Während wir in der Pitstop-Halle stehen, tritt Fall Orange ein. Einer der wuseligen Schnüffelhunde hat angeschlagen, ein roter Sattelschlepper aus Tschechien, der bis zur Oberkante mit BMW-Teilen für die Insel beladen ist, wird rausgewinkt. Über eine Gangway klettern vier Polizisten auf das Dach, rollen die Plane zurück, dann kommen nach und nach neun Eritreer zum Vorschein. Ihr Traum von einem neuen Leben in Großbritannien endet an diesem kalten Tag in Calais.

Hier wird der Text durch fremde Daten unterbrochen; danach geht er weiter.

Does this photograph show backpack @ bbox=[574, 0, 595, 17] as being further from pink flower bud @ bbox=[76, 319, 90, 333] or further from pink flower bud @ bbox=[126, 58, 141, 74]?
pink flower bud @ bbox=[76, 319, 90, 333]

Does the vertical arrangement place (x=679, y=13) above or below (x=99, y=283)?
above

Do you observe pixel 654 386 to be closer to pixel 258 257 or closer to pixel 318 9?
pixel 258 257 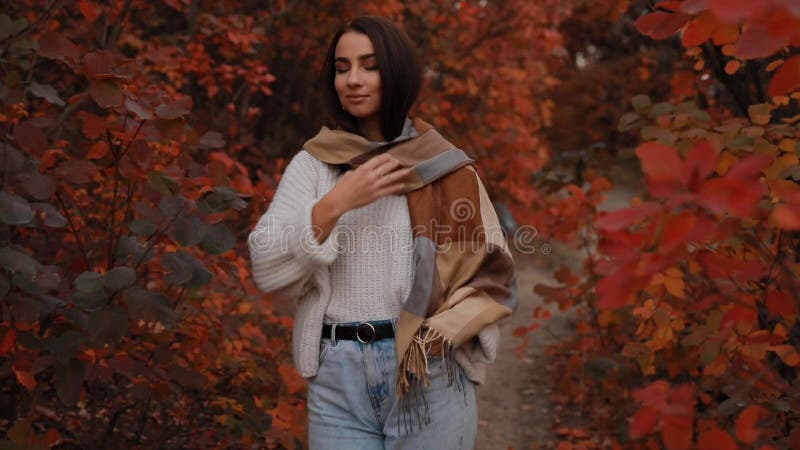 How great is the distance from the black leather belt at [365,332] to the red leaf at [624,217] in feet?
3.35

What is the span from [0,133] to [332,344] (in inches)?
51.6

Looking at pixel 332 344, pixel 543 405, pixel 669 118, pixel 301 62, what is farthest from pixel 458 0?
pixel 332 344

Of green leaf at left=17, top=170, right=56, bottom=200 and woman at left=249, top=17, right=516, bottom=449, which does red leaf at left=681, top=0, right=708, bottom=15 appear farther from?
green leaf at left=17, top=170, right=56, bottom=200

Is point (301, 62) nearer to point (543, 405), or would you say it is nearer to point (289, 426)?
point (543, 405)

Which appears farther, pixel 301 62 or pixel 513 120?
pixel 513 120

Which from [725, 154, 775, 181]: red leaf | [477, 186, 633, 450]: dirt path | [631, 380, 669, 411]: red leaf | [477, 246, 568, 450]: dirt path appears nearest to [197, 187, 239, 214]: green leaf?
[631, 380, 669, 411]: red leaf

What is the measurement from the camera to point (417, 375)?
2.07m

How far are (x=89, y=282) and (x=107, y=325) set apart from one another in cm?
15

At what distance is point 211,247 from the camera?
2371 mm

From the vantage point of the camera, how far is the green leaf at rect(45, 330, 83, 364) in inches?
96.1

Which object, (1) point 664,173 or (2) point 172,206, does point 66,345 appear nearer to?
(2) point 172,206

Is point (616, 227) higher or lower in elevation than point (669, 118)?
lower

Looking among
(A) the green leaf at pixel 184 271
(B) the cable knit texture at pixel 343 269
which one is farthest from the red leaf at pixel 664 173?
(A) the green leaf at pixel 184 271

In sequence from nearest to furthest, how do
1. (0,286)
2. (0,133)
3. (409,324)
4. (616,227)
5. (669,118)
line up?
(616,227) → (409,324) → (0,286) → (0,133) → (669,118) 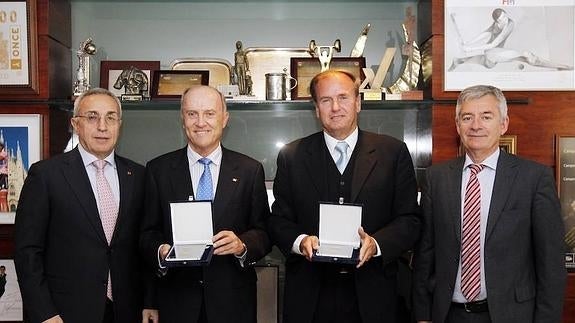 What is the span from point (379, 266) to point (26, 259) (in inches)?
58.9

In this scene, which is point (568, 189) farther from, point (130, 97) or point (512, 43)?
point (130, 97)

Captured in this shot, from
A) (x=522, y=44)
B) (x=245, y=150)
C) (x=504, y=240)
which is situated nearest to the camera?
(x=504, y=240)

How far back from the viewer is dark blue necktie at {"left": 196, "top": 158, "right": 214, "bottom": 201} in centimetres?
258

Für den Fahrer ist es ärgerlich, mindestens den nächsten Zug wird er verpassen. Die 19 anderen Laster preschen los wie bei einem Formel-1-Start, wollen sich die besten Plätze auf den flachen Waggons sichern.

Während der Flüchtlingskrise von Juni bis Dezember 2015 versuchten 82.000 Personen, auf einen der Züge durch den Kanaltunnel zu klettern. Der Verkehr drohte zum Erliegen zu kommen. Schlimmer noch: Zehn Menschen starben.

Deshalb wurde das Gelände zur Festung ausgebaut und erinnert heute an die DDR-Grenze: drei Meter hohe, mehrfach gestaffelte Zäune mit elektrisch geladenen Kabeln, die jede Bewegung melden. Insgesamt ergibt das 40 Kilometer Hochsicherheitsbarrieren. 600 Kameras halten den Terminal im Blick, zwei Drohnen kreisen. Im Sicherheitszentrum sitzen sechs Gendarmen vor 70 Monitoren. „Wir haben bis zu 1 500 Alarme pro Nacht“, sagt Oberst Schmittlin. „Aber niemand gelangt mehr auf das Gelände.“

Beim zweiten Pulk, der in unserer Anwesenheit in die Halle fährt, geht alles glatt. Die gleiche Anlage existiert auf der anderen Seite, in Folkestone. Dort werden die Fahrzeuge kontrolliert, die von England nach Frankreich fahren.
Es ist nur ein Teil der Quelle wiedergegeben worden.